Kulisy nielegalnych działań prowadzonych na polecenie Marcina P., oficera wrocławskiej delegatury ABW, zaprezentowaliśmy w lutym we wspólnym śledztwie Onetu i "Superwizjera". Ujawniliśmy wówczas, że doszło do inwigilacji prezydenta Lubina Roberta Raczyńskiego i jego bliskiego współpracownika z lubińskiego magistratu, Andrzeja Pudełki. Akcja prowadzona za rządów PiS nosiła kryptonim "Lizbona". Była prowadzona nieformalnie, bez nadzoru prokuratury oraz sądu.

Operacja "Lizbona". Ważny polityk, wielkie pieniądze i ludzie premiera

Jak podały wcześniej nasze źródła, w 2022 roku funkcjonariusze ABW przechwycili idącą w setki stron domniemaną korespondencję prowadzoną na popularnym komunikatorze przez Raczyńskiego i jego zaufanego współpracownika. Raczyński to wpływowy, wieloletni prezydent Lubina, lider Bezpartyjnych Samorządowców i ówczesny koalicjant PiS w sejmiku dolnośląskim.

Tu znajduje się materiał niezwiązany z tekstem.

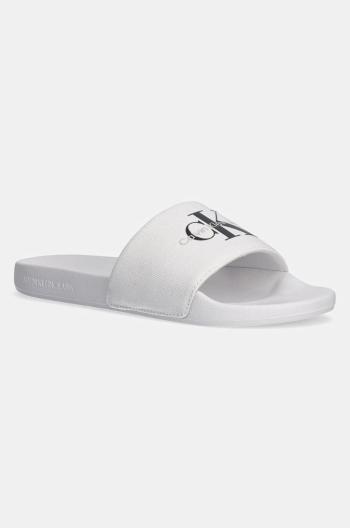 Pantofle Calvin Klein Jeans SLIDE MONOGRAM pánské, bílá barva, YM0YM01271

Ze stenogramów wynikało, że Raczyński oraz czołowi politycy PiS z otoczenia samego premiera Mateusza Morawieckiego mają sporo grzechów na sumieniu. Mieliby czerpać zyski z zatruwania środowiska i zakopywania śmieci na Dolnym Śląsku. W obszernych rozmowach Raczyńskiego i jego współpracownika Andrzeja Pudełki miały pojawiać się także dotyczące ich wątki obyczajowe, czyli potencjalny materiał do ich szantażowania.

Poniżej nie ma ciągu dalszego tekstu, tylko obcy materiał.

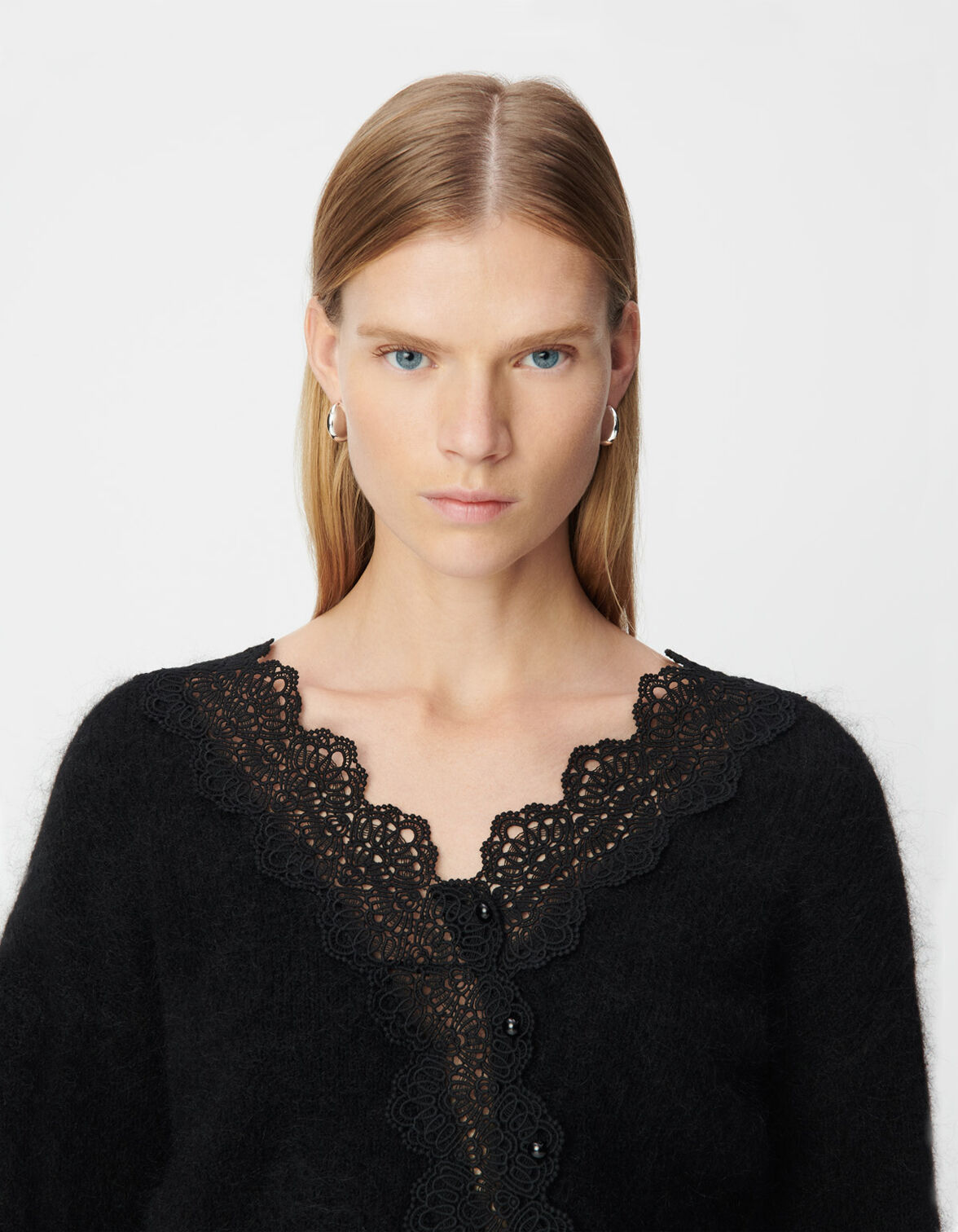 Pull noir tricot dentelle réversible devant/dos Femme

Bulwersujące treści z domniemanych rozmów Raczyńskiego i Pudełki przez kilkanaście miesięcy nie trafiały do żadnej prokuratury. Jak przekonywały nasze źródła, pracownikom służb miało chodzić nie o sprawiedliwość, lecz o zdobycie kompromitujących materiałów na polityków i biznesmenów z Dolnego Śląska. Po to, by móc ich szantażować, wpływać na ich decyzje oraz czerpać zyski z nielegalnej akcji.

Prezydent Raczyński milczy, a teraz kontratakuje

Co ważne, choć od początku 2023 roku sprawa zagadkowych stenogramów była na Dolnym Śląsku tajemnicą poliszynela - ich fragmenty trafiły na skrzynki e-mailowe wielu osób - to Raczyński milczał. Nie zawiadomił prokuratury, że miałby stać się celem nielegalnej inwigilacji lub szantażu. Nie alarmował, że ktoś rozsyła po Dolnym Śląsku materiały na jego temat.

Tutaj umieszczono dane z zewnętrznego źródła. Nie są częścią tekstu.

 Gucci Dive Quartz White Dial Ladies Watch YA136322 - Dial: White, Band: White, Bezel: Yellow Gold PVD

W tym czasie polityk publicznie snuł za to wizje, że jego ugrupowanie (Bezpartyjni Samorządowcy) po wyborach z października 2023 roku może stworzyć nowy rząd z PiS lub PO.

Raczyński: przeprowadziliśmy tysiące rozmów, udało się zebrać ponad 300 tysięcy podpisów
Raczyński: przeprowadziliśmy tysiące rozmów, udało się zebrać ponad 300 tysięcy podpisówTVN24

Dodajmy, że krótko przed wyborami parlamentarnymi z jesieni 2023 roku o stenogramy zapytał go dziennikarz TVN. Prezydent Lubina przekonywał wówczas, że uderzające w niego materiały są fikcją i dlatego postanowił nie informować o nich organów ścigania.

Wkrótce po tej rozmowie, tuż przed ciszą wyborczą, jesienią 2023 roku Robert Raczyński wycofał się z kandydowania do Sejmu.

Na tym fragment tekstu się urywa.